# Bedside coffee maker/alarm



## hilltopbrews (May 17, 2013)

Hello everyone!

I was wondering if any of you have a bedside coffee maker? My partner has teasmade on her bedside but I prefer starting the day with coffee. Most of what I see are hot water dispensers (for instants). Bodum pourover coffee seems too big. Thinking kitchenaid pourover coffee or the personal coffee maker but no timer/alarm. Am I asking for too much????
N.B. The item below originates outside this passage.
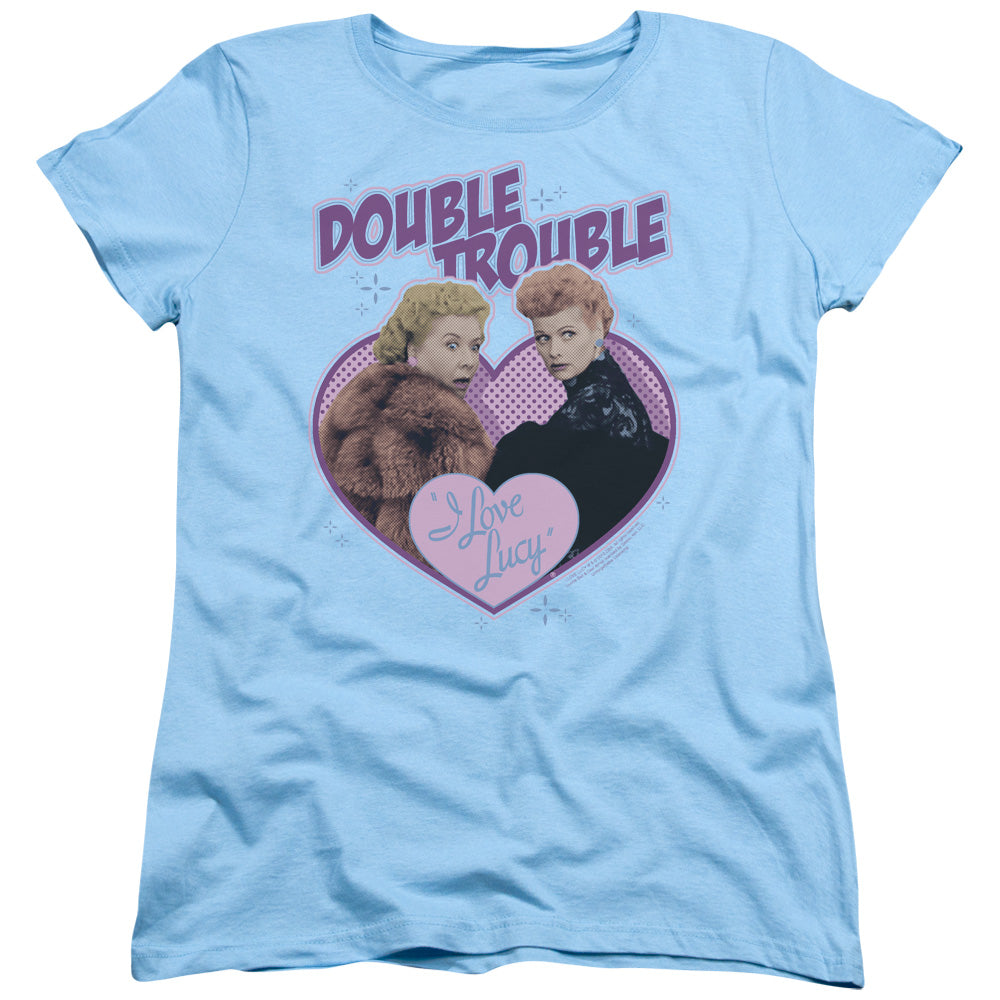 I Love Lucy Double Trouble Womens T Shirt Light Blue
Any suggestions would be great! Thanks!


----------



## Glenn (Jun 14, 2008)

Something like the Barisieur?

http://www.dudeiwantthat.com/gear/gadgets/the-barisieur-coffee-brewing-alarm-clock.asp


----------



## aaronb (Nov 16, 2012)

I think you are asking too much!

You could get a technivorm and stick it on a timer plug, but the coffee will never be great if you are grinding it the night before.


----------



## MWJB (Feb 28, 2012)

Capsule machine beside the bed seems best bet for instant gratification? Limited choice in coffee though.

There is a company selling preground portions of coffee in the US, if similar was available here that could make the Technivorm idea more feasible, but most here would rather grind immediately before use.


----------



## hilltopbrews (May 17, 2013)

Yes Glenn. That is my ideal bedside machine. Shame it's not on sale yet!


----------